§ Exercise details:
Starting at the line that contains "Canada Create™ logo" and stopping at the line that contains "Logo Design by", restate each line of the records below exactly. Omit the pictures.

§ Records to use:
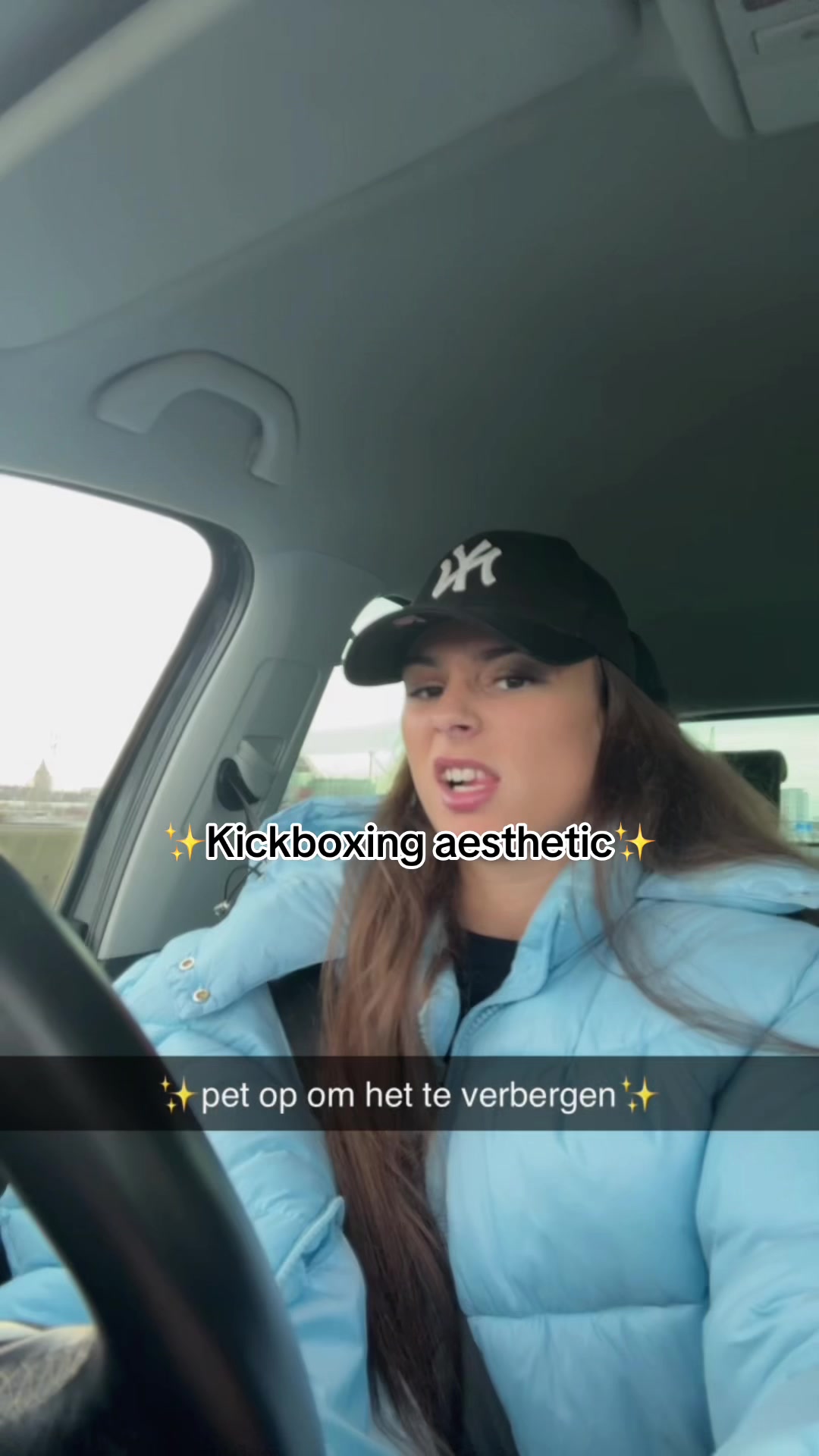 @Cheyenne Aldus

---

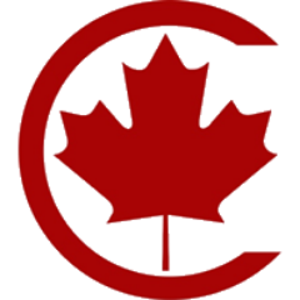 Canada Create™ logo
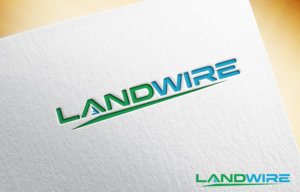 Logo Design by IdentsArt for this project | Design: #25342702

§ Answer section:
 Canada Create™ logo
 Logo Design by IdentsArt for this project | Design: #25342702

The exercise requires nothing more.